* **Data**:
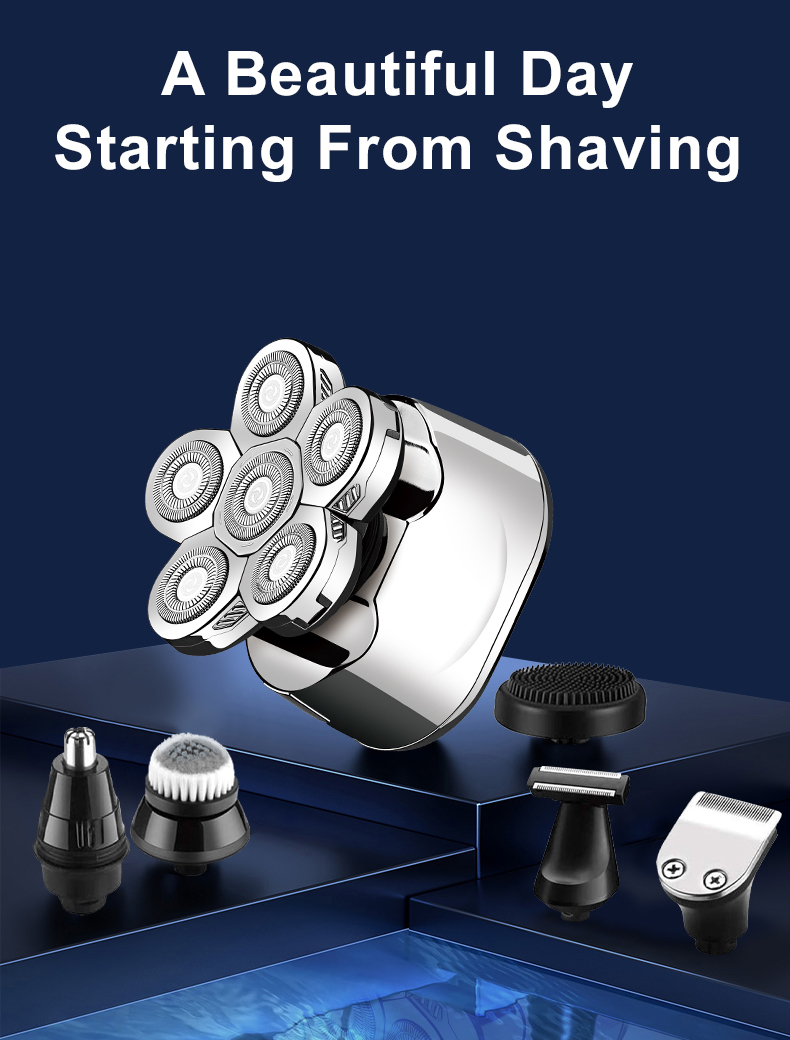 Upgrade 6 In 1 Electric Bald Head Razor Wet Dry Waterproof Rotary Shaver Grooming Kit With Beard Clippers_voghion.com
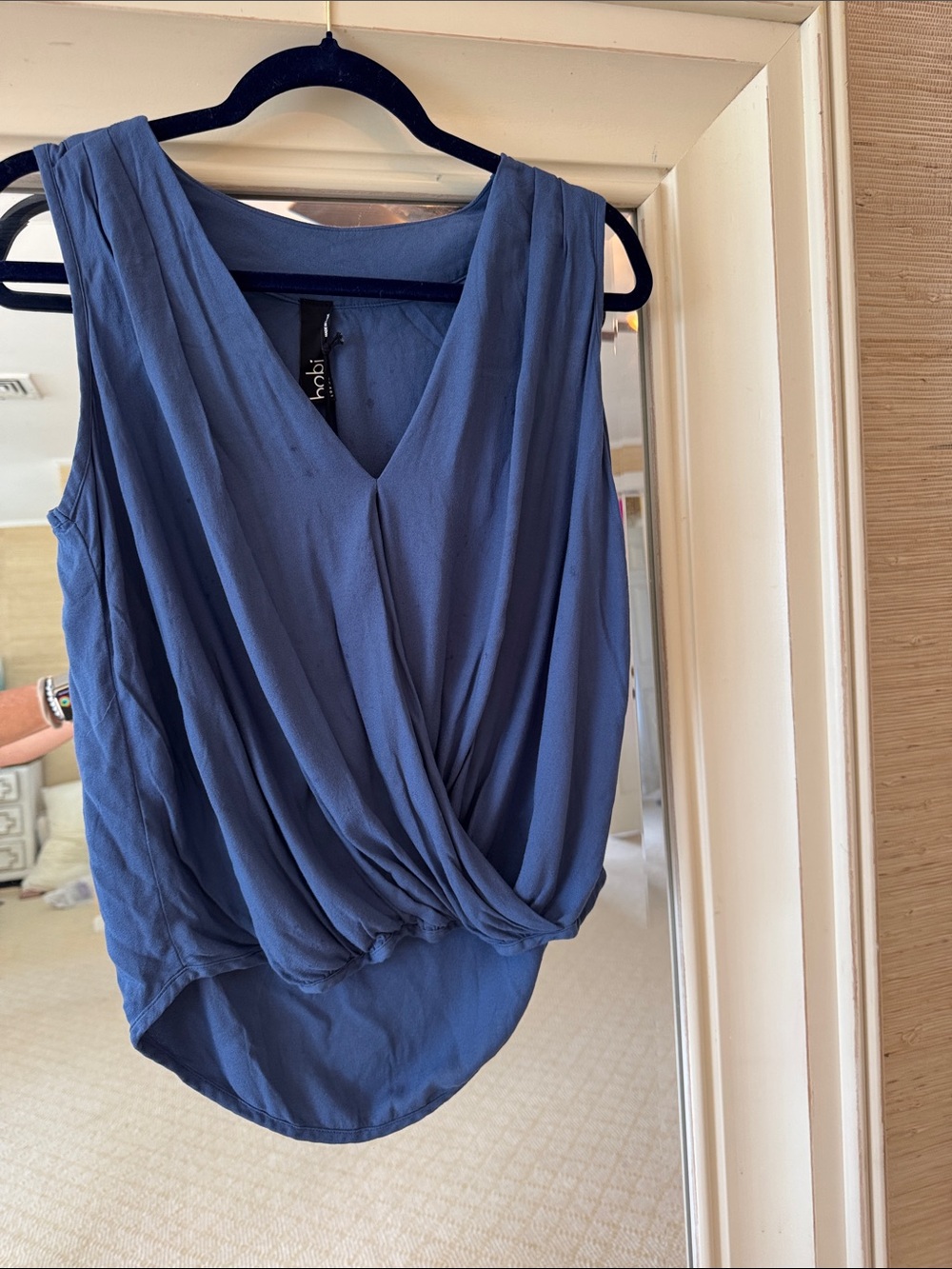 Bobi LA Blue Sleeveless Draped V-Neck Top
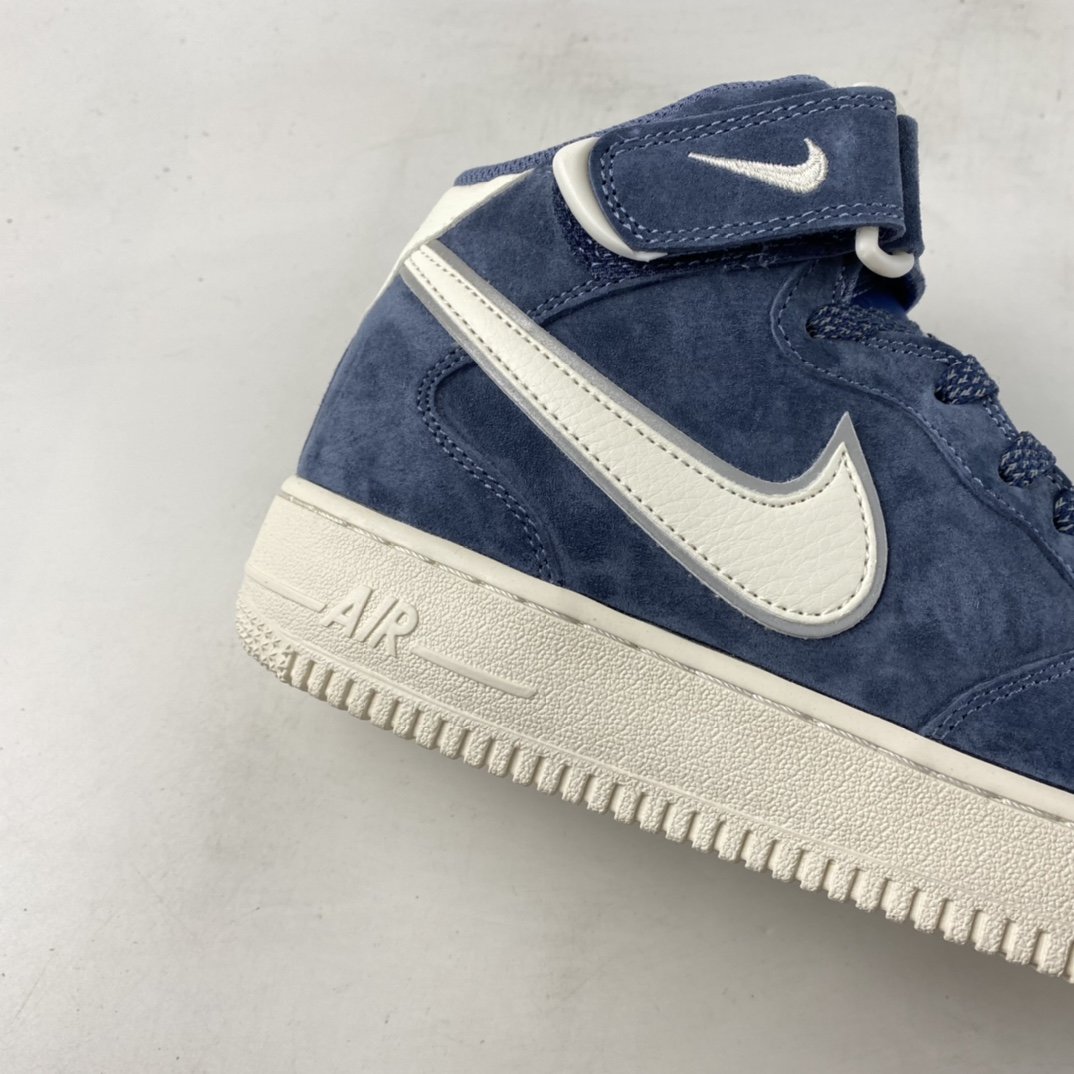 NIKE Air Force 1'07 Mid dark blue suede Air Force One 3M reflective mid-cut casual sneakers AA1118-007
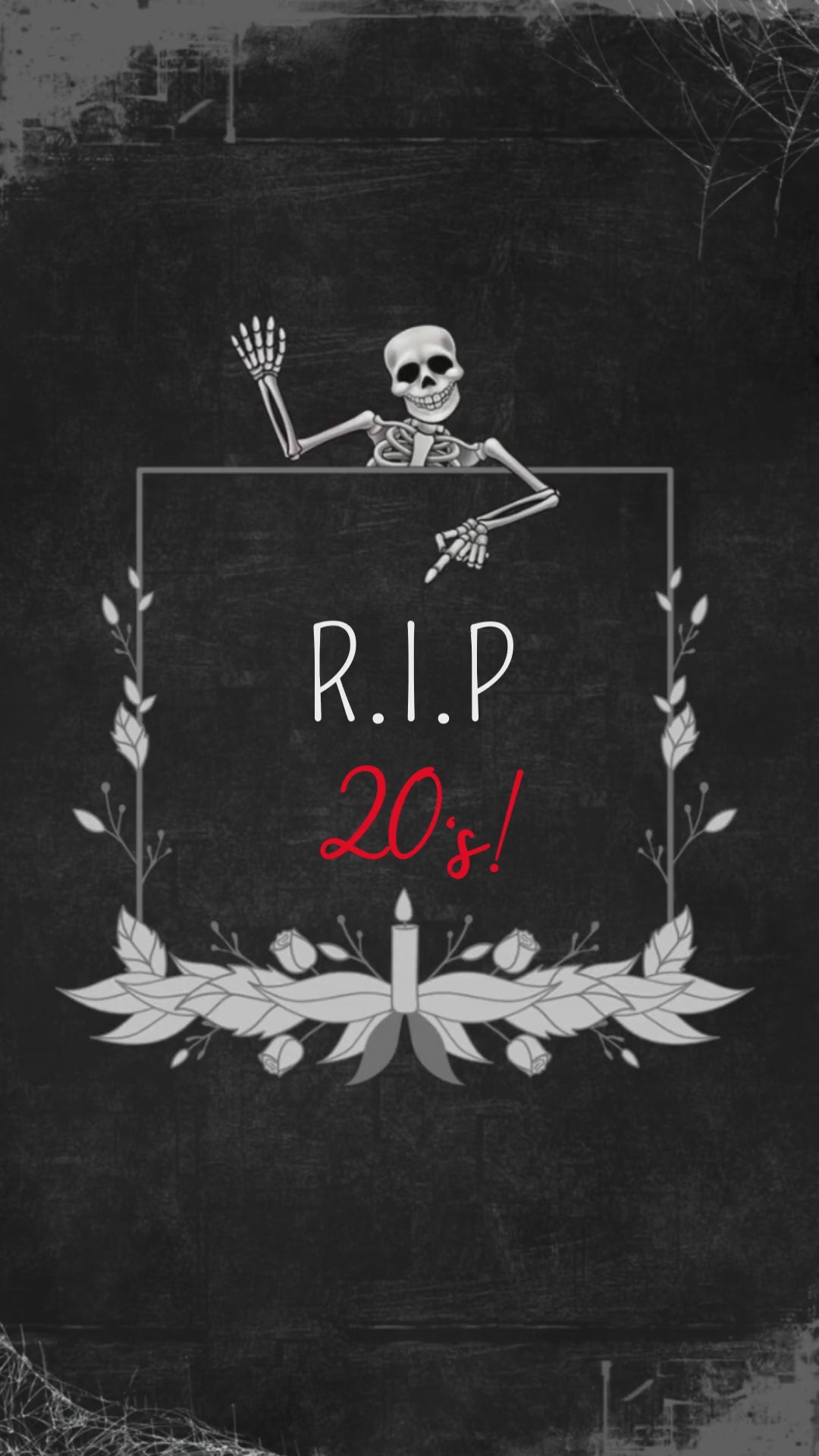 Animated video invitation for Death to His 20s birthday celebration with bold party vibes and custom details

* **Task to carry out**: Return the listing unchanged, but drop every picture.

* **Solution for this task**:
 Upgrade 6 In 1 Electric Bald Head Razor Wet Dry Waterproof Rotary Shaver Grooming Kit With Beard Clippers_voghion.com
 Bobi LA Blue Sleeveless Draped V-Neck Top
 NIKE Air Force 1'07 Mid dark blue suede Air Force One 3M reflective mid-cut casual sneakers AA1118-007
 Animated video invitation for Death to His 20s birthday celebration with bold party vibes and custom details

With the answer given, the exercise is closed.